Dienstag, 10. Mai 2022

„Putin hat sich verschätzt und passt seine Rhetorik jetzt an die Realität an“

Am 9. Mai hat Russland 77 Jahre nach Ende des Zweiten Weltkriegs den „Tag des Sieges“ gefeiert. Die Rede von Präsident Wladimir Putin sei erstaunlich zurückhaltend gewesen, befanden Kommentatoren: „Er hat seine Rhetorik an die Realität angepasst“, sagt der Politikwissenschafts-Professor der Universität Innsbruck und Experte für Osteuropa Gerhard Mangott. „Die russischen Streitkräfte sind nicht in der Lage die gesamte Ukraine zu besetzen.“

Putin hat am gestrigen 9. Mai 77 Jahre nach Ende des Zweiten Weltkriegs eine Rede gehalten. - Foto: © APA/afp / NATALIA KOLESNIKOVA

Von:
Matteo Tomada
STOL: Herr Professor Mangott, wie kann man die Rede Putins verstehen?
Prof.
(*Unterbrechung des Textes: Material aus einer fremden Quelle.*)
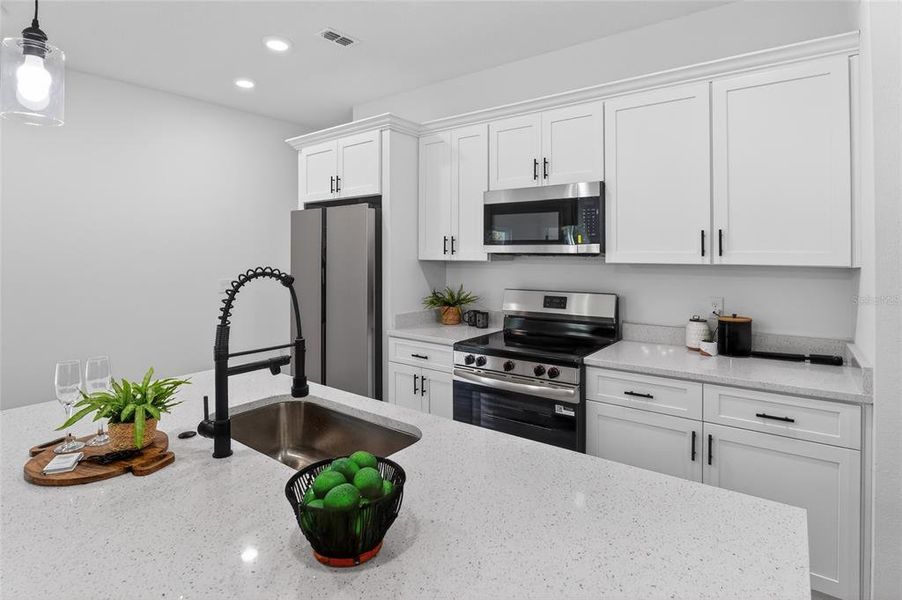Furnished interior view inside a new home in , Citrus Springs (Image 6).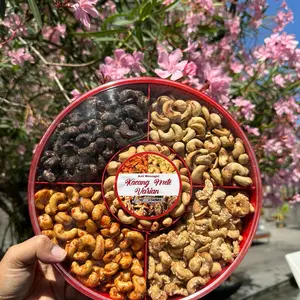 KACANG METE MIX 5 RASA KEMASAN EXCLUSIVE Mede Toples Cokelat Food Snacks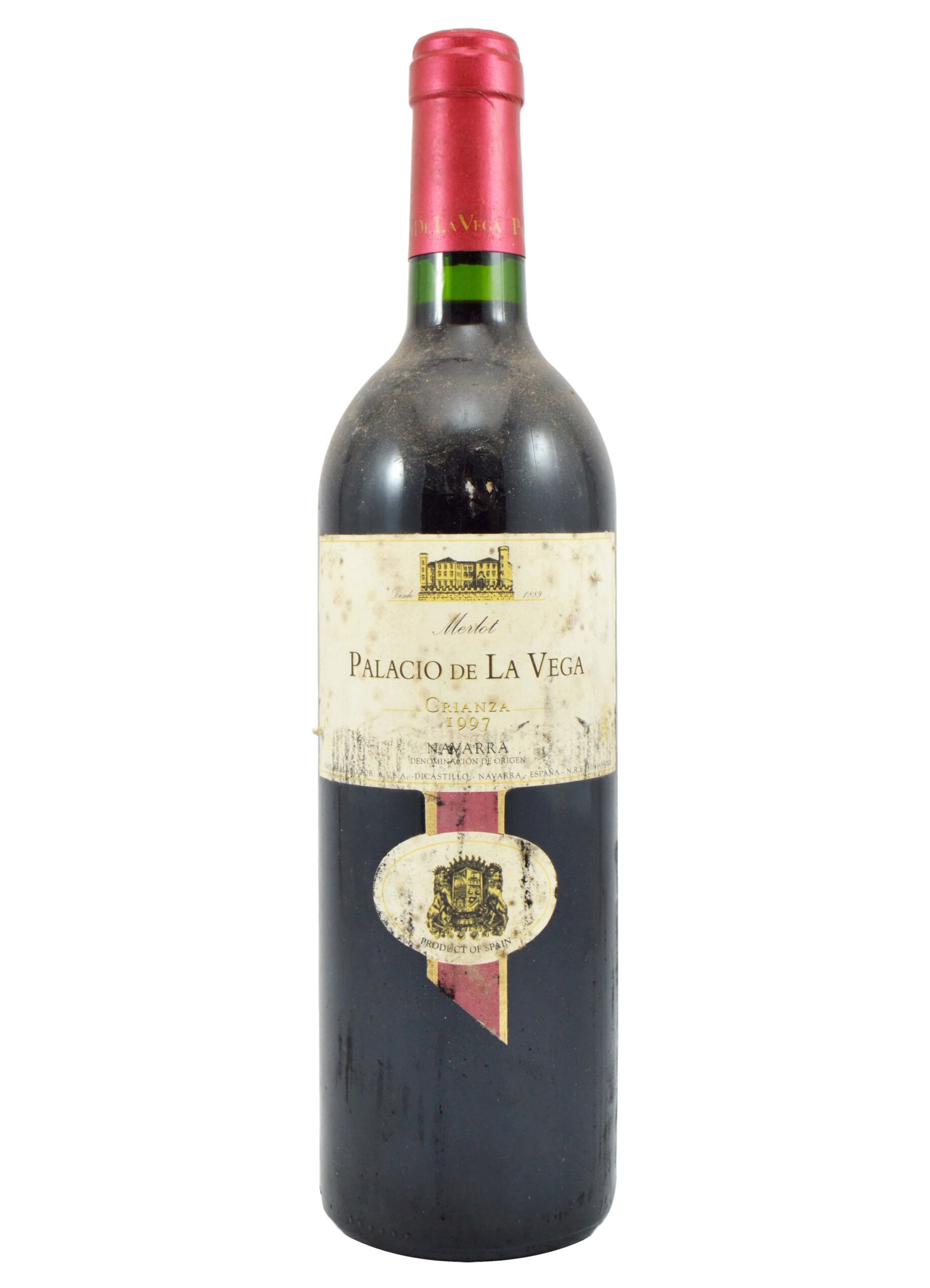 Palacio De La Vega Merlot Crianza 1997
Gerhard Mangott: Die Rede Putins hat sich vor allem nach innen gerichtet. Es war ein Versuch, die jetzigen Kriegshandlungen in die Tradition des großen vaterländischen Krieges zu stellen, als sich die Sowjetunion gegen Nazi-Deutschland wehren musste. Die Ukraine stelle als Marionette des Westens, so Putin, genau wie Deutschland früher eine Bedrohung für Russland dar. Der Kampf sei deshalb notwendig gewesen.


Er hat von Gefallenen sprechen müssen, weil so viele russische Soldaten gestorben sind, dass es trotz Propaganda nicht mehr zu verschleiern war.
Professor Gerhard Mangott



STOL: In seiner Rede sei Putin erstaunlich zurückhaltend gewesen, sagen Beobachter. Hatten Sie das so erwartet?
Prof. Mangott: Der Eindruck, dass er zurückhaltend war, hängt vor allem damit zusammen, dass es so zahlreiche Spekulationen über seine Rede gab. Man ging davon aus, dass der Krieg formal erklärt und eine Generalmobilmachung ankündigt würde. Gemessen an diesen unrichtigen Spekulationen war die Rede zurückhaltend.


Putin begrüßt die Anwesenden. - Foto: © ANSA / MAXIM SHIPENKOV



STOL: Welche Botschaft hatte Putin?
Prof. Mangott: Putin hatte in seiner Rede 3 Botschaften. Erstens: Russland ist wie damals im großen vaterländischen Krieg in der Abwehrposition. Zweitens: Man habe alles getan, um den Kampf zu verhindern, aber der Westen wollte nicht hören. Die dritte Botschaft ging an die Familien der gefallenen Soldaten: Ihnen werde geholfen. Putin musste die gefallenen Soldaten erwähnen, weil so viele gestorben sind, dass es trotz Propaganda nicht mehr zu verschleiern war. Er nannte aber keine Zahl.


Die russischen Streitkräfte sind nicht in der Lage, die Ukraine zu erobern und besetzt zu halten. Putin konzentriert sich jetzt auf die vollständige Eroberungen des Donbass.
Professor Gerhard Mangott


STOL: Putin hat auch nicht mehr vom Ziel gesprochen, die Ukraine als Staat vernichten zu wollen. Was will Putin jetzt erreichen?
Prof. Mangott: Putin hat die Rhetorik den Realitäten am Boden angepasst. Die russischen Streitkräfte sind nicht in der Lage, die Ukraine zu erobern und besetzt zu halten. Putin konzentriert sich jetzt auf die vollständige Eroberung des Donbass. Das ist realistisch noch möglich. Dieses Minimalziel muss Putin auch erreichen, denn sonst kann er nicht von einer „erfolgreichen militärischen Spezialoperation“ sprechen.


„Putin, die Militärführung und die Geheimdienste haben sich verschätzt.“ - Foto: © APA/afp / MIKHAIL METZEL



STOL: Das heißt, Putin hat sich am Anfang völlig verschätzt?
Prof. Mangott: Nicht nur er, sondern auch die Militärführung und die Geheimdienste haben sich verschätzt. Man hat die Planung schlecht vorbereitet und schlecht umgesetzt. Man hat auch die Lage in der Ukraine völlig falsch eingeschätzt.

STOL: Sind wir im Westen einfach zu besorgt?
Prof. Mangott: Putin hat in seiner Rede die Gefahr eines globalen Krieges angesprochen. Damit wollte er sicher auch den Westen warnen. Ich erwarte aber keine territoriale Ausweitung der Kämpfe. Russland fehlen die Truppen, um eine solche Operation durchzuführen. Ich glaube auch nicht, dass Russland Waffenlieferungen auf dem Territorium eines NATO-Landes angreifen wird.